Tumors of the Heart, Pericardium, and Great Vessels

Tumors of the Heart, Pericardium, and Great Vessels


Lawrence J. Sheplan Olsen, Gregory M.M. Videtic, and Roger M. Macklis


ANATOMY


The heart is a hollow, conical [MB1]organ with muscular walls. In the adult, it measures approximately 12 cm in length, 8 to 9 cm in width, and 6 cm in thickness. It is located in the inferior aspect of the middle mediastinum, with two-thirds lying to the left of midline and one-third to the right. The heart lies posterior to the sternum and rib cage, and anatomic landmarks on the chest wall may be used to approximate its position. The apex is located roughly 8 cm to the left of midline in the fifth intercostal space, and the base is at the level of the third costal cartilage. It rests on the diaphragm inferiorly. The heart receives its blood supply from the coronary arteries, which are located in the space between the myocardium and epicardium. The pericardial fat provides a smooth contour and is also located in this space. The heart has four chambers: two ventricles with thick muscular walls and two atria with thin muscular walls. Although the heart is not attached to surrounding organs, it is held in position by its association with the great vessels (GV) and the pericardium. The GV include the aorta, superior and inferior venae cava (IVC), pulmonary artery, and pulmonary veins, which arise from (or terminate in) the left ventricle, right atrium, right ventricle, and left atrium, respectively. The roots of the GV, along with the heart, are encompassed by the parietal pericardium. In combination with the epicardium, this fibrous layer provides a smooth cavity in which the heart can pump freely. Externally the pericardium is adherent to, but separate from, the mediastinal pleura, creating a potential space through which the phrenic nerve traverses.1



TABLE 54.1 DISTRIBUTION OF HISTOLOGIC SUBTYPES OF CARDIAC SARCOMA


INCIDENCE AND EPIDEMIOLOGY


Tumors of the heart, GV, and pericardium are rare and include a range of disease presentations: primary neoplasms; secondary metastases from a known malignancy; or direct tumor invasion into the structures, which is seen in certain cancers such as Hodgkin or non-Hodgkin lymphoma, lung cancer, or malignant thymoma. The focus of this chapter will be to review the epidemiology, diagnosis, natural history, and management of primary tumors arising from the heart, pericardium, and GV, as well as metastatic disease to these sites.

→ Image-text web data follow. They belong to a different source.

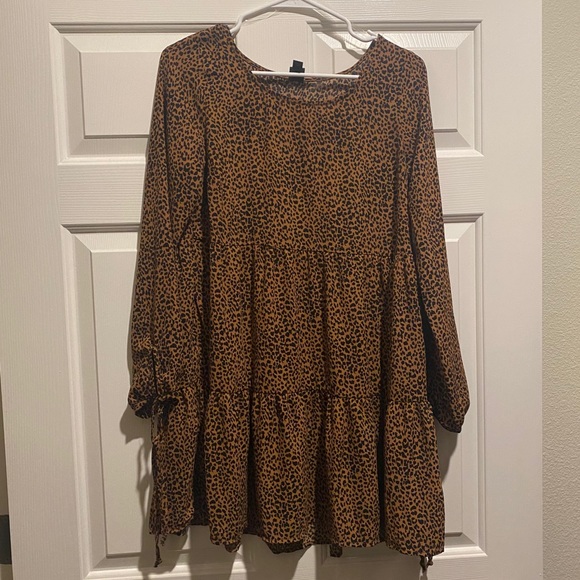 Fall Leopard Print Dress 🧡 - Picture 1 of 1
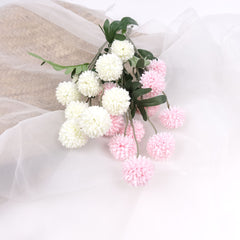 5 Heads Chrysanthemum Pompom Spray 50cmH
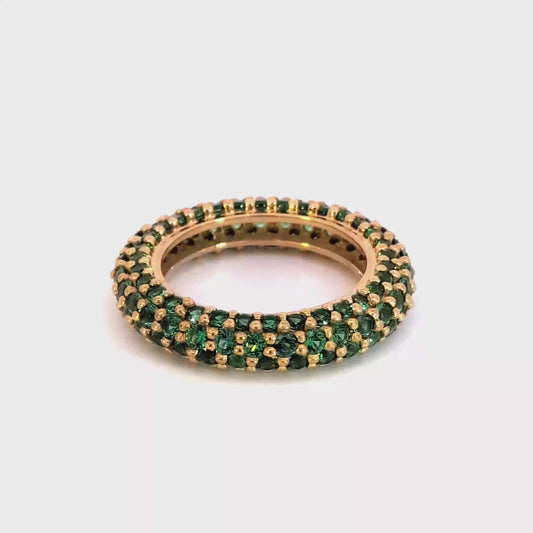 Emerald Eternity Ring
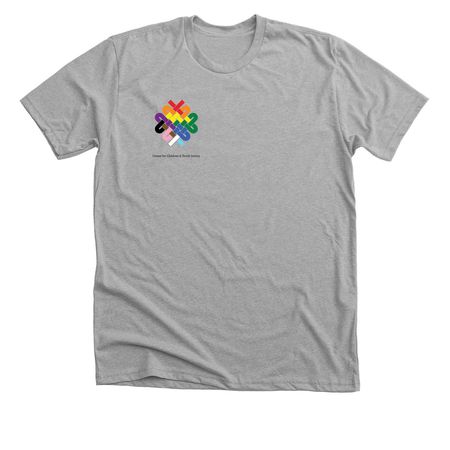 CCYJ Pride Shirt, a Athletic Heather Premium Unisex Tee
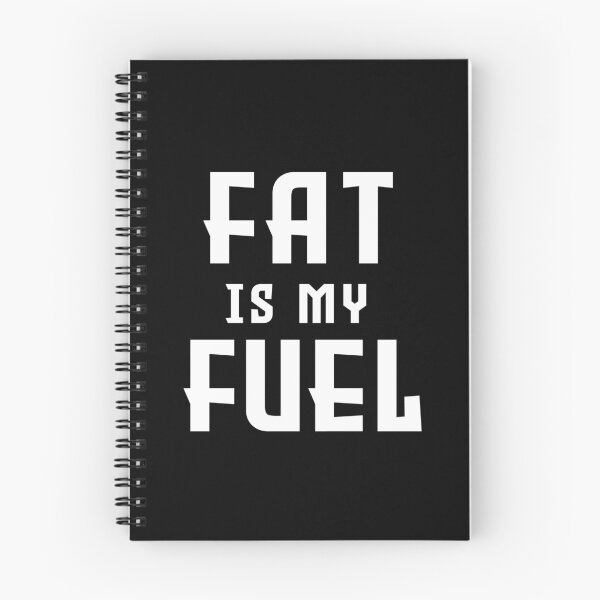 Item preview, Fat is my fuel black and white designed and sold by PurrfectCorner.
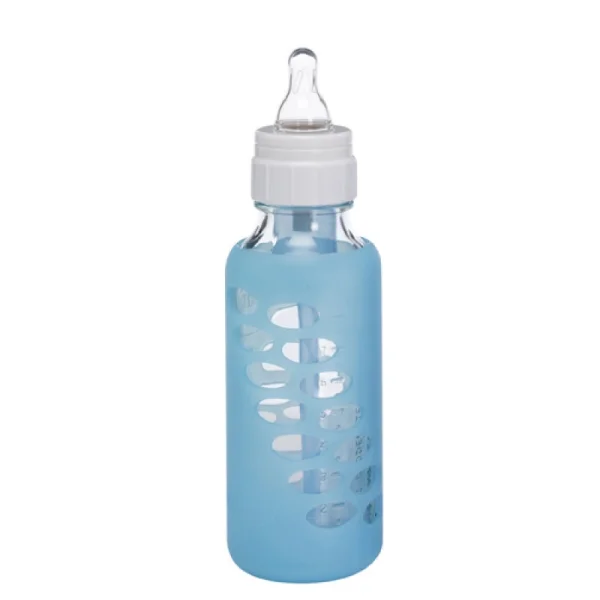 guminė rankovė stikliniam siauro kaklelio buteliukui, 250 ml, mėlyna, 896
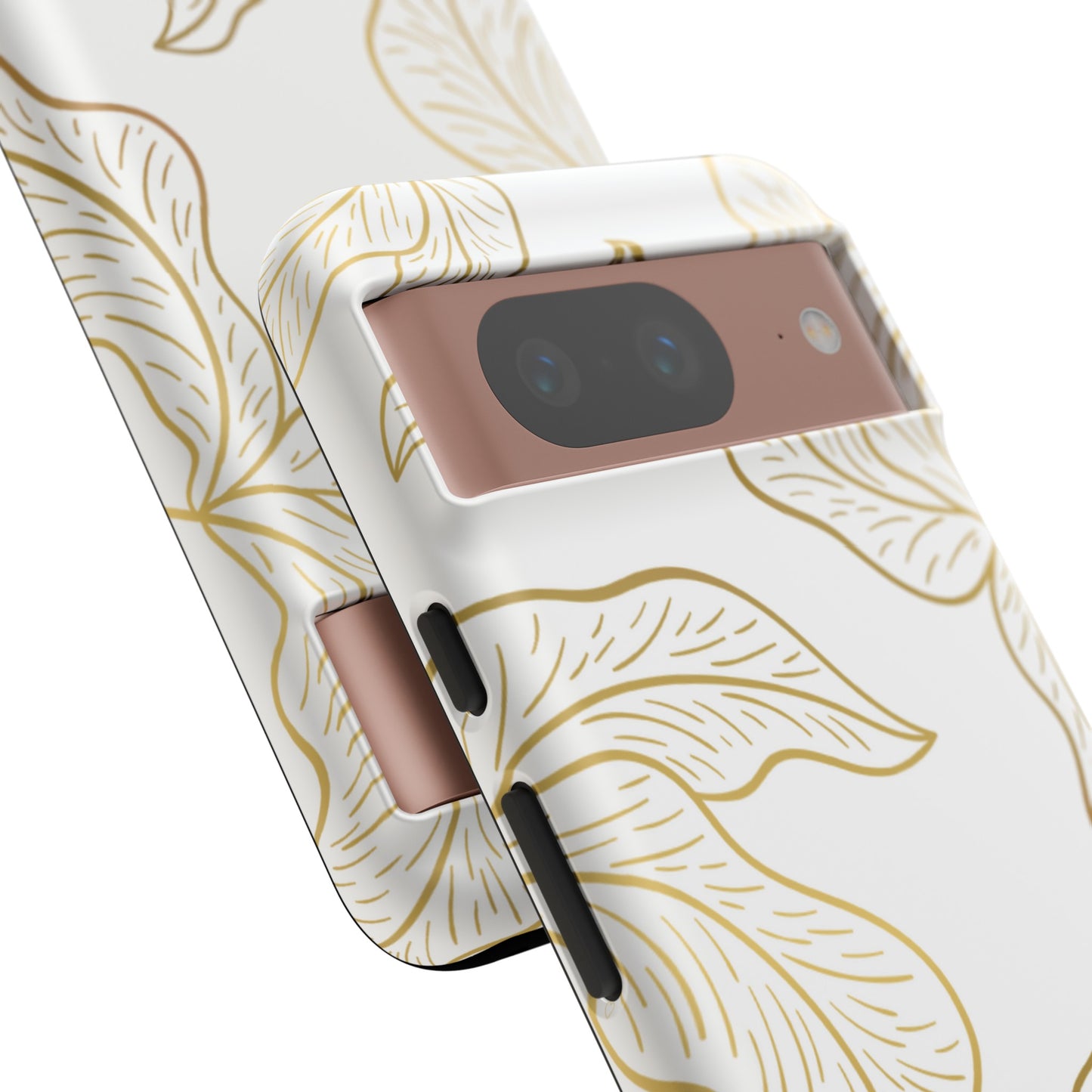 Gold Leaf on White | Tough Phone Case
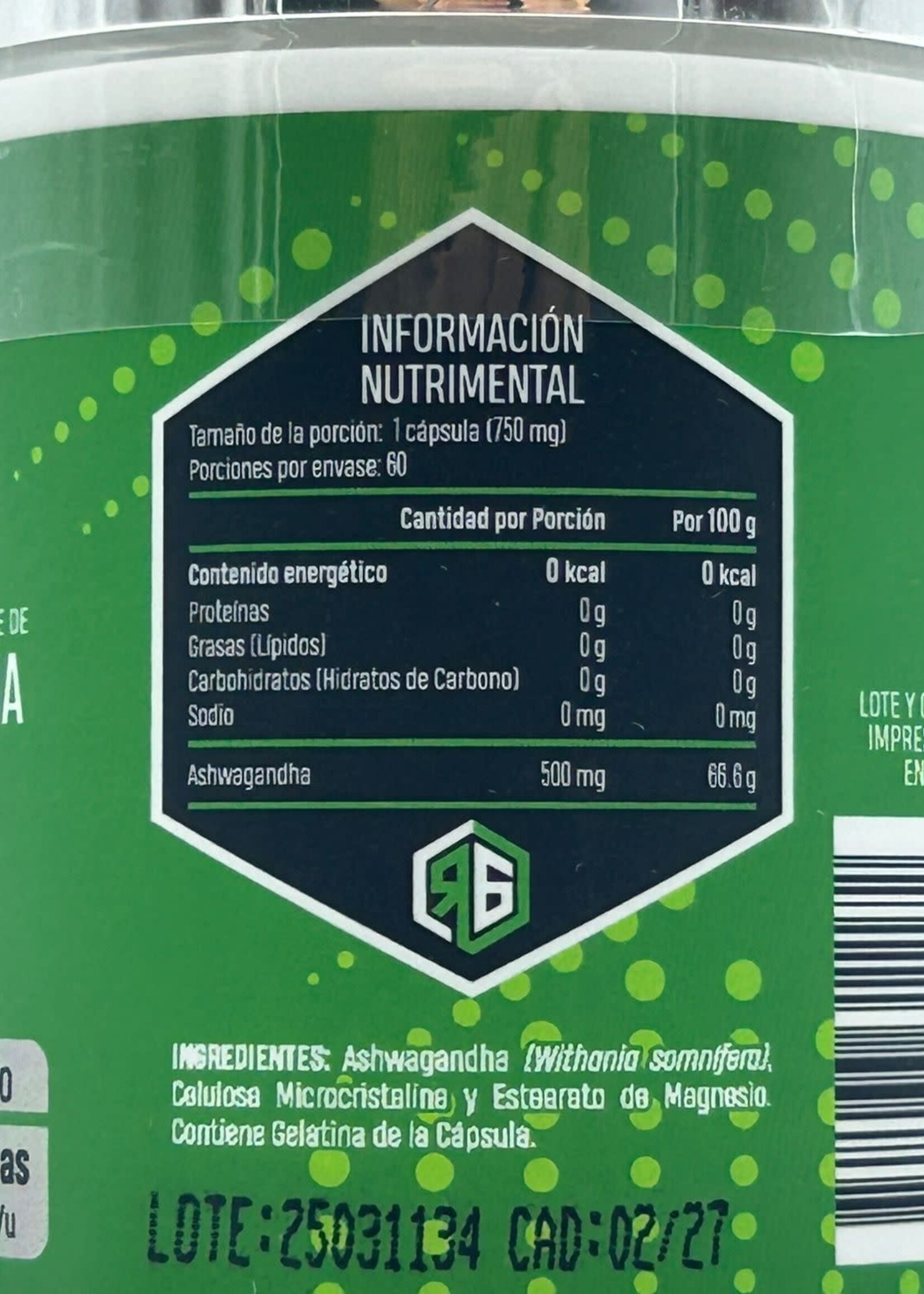 REDGOLD ASHWAGANDA REDGOLD 750 MG/60 CAP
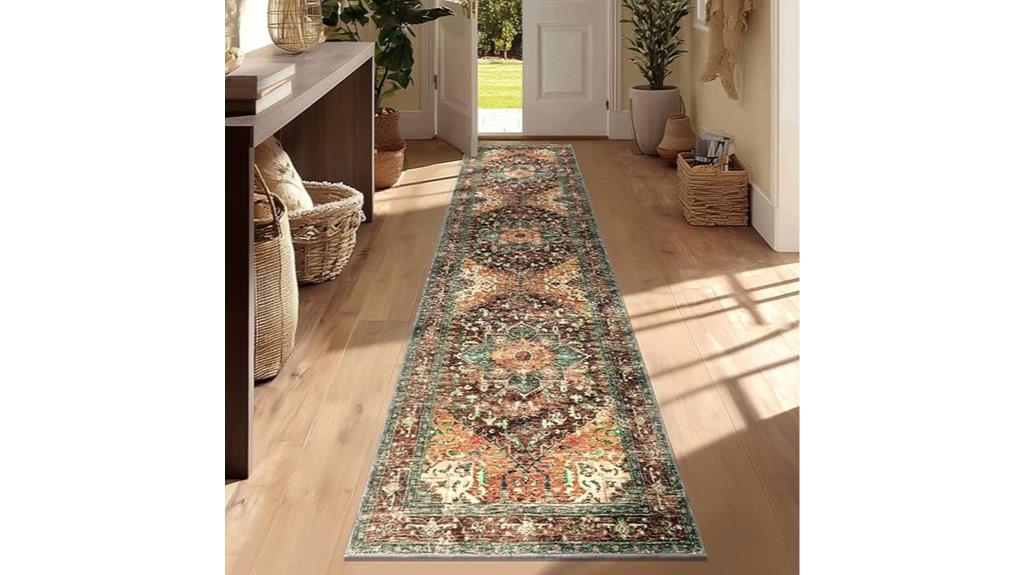 washable faux wool runner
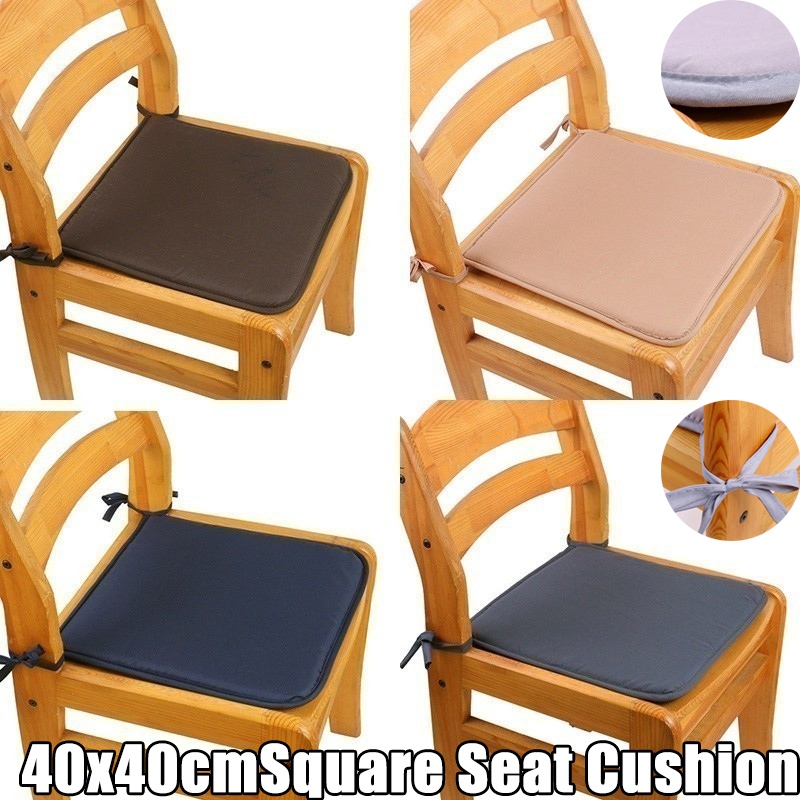 40x40cm/Square Seat Cushion Home Kitchen Office Dining Chair Cushion Seat Mat Kusyen Alas Kerusi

The first described case of a primary cardiac tumor was by Albers in 1835.2 Reynen3 performed a compilation of autopsy series consisting of over 700,000 cases and found 157 primary cardiac tumors. The overall incidence of primary tumors is 0.021%, with a range from 0% to 0.19%. Approximately 75% of primary tumors of the heart are benign, and about half of those are atrial myxomas arising from the interatrial septum.46 Lipomas, papillary fibroelastomas, and rhabdomyomas each account for approximately 10% of cases. Fibromas, hemangiomas, and teratomas are less common benign cardiac tumors.7 Cystic atrioventricular node tumors are extremely rare but may lead to sudden death, despite their small size.8 There is an increased incidence of cardiac myxomas among females and in patients with Carney complex, an inherited autosomal dominant disorder that also shows hyperpigmented lentigines, blue nevi, schwannomas, endocrine tumors, and endocrinopathies.9,10 The syndrome is most commonly caused by an inactivating germline mutation of the PRKAR1 A tumor-suppressor gene on chromosome 17q23-q24.9,11,12 Variants include the LAMB (lentigines, atrial myxoma, mucocutaneous myxoma, and blue nevi) and NAME (nevi, atrial myxoma, myxoid neurofibroma, and ephelides) syndromes.8 Myxomas in patients with Carney complex account for 7% of all cardiac myxomas, are typically found at a younger age, and may have higher recurrence rates.4,13 Hamartomas, rhabdomyomas, and fibromas are diagnosed almost exclusively in children.14 Rhabdomyomas are the most common pediatric cardiac tumor and are associated with tuberous sclerosis.


Malignant primary tumors comprise the remaining 25% of cardiac neoplasms. Primary malignancies of the myocardium comprise the bulk of the remaining cases, of which sarcomas account for the vast majority. Malignant fibrous histiocytoma, angiosarcoma, fibrosarcoma, and rhabdomyosarcoma are among the more common histologic types.15 Table 54.1 summarizes the relative frequency of specific subtypes of sarcoma that may be diagnosed. The median age at diagnosis is 30 to 40 years, slightly younger than that for benign tumors, and there is no sex predilection as seen in myxoma.15 Lymphomas account for only about 2% of primary cardiac tumors, but the incidence appears to be increasing.16 Melanoma and carcinoma may also occur infrequently.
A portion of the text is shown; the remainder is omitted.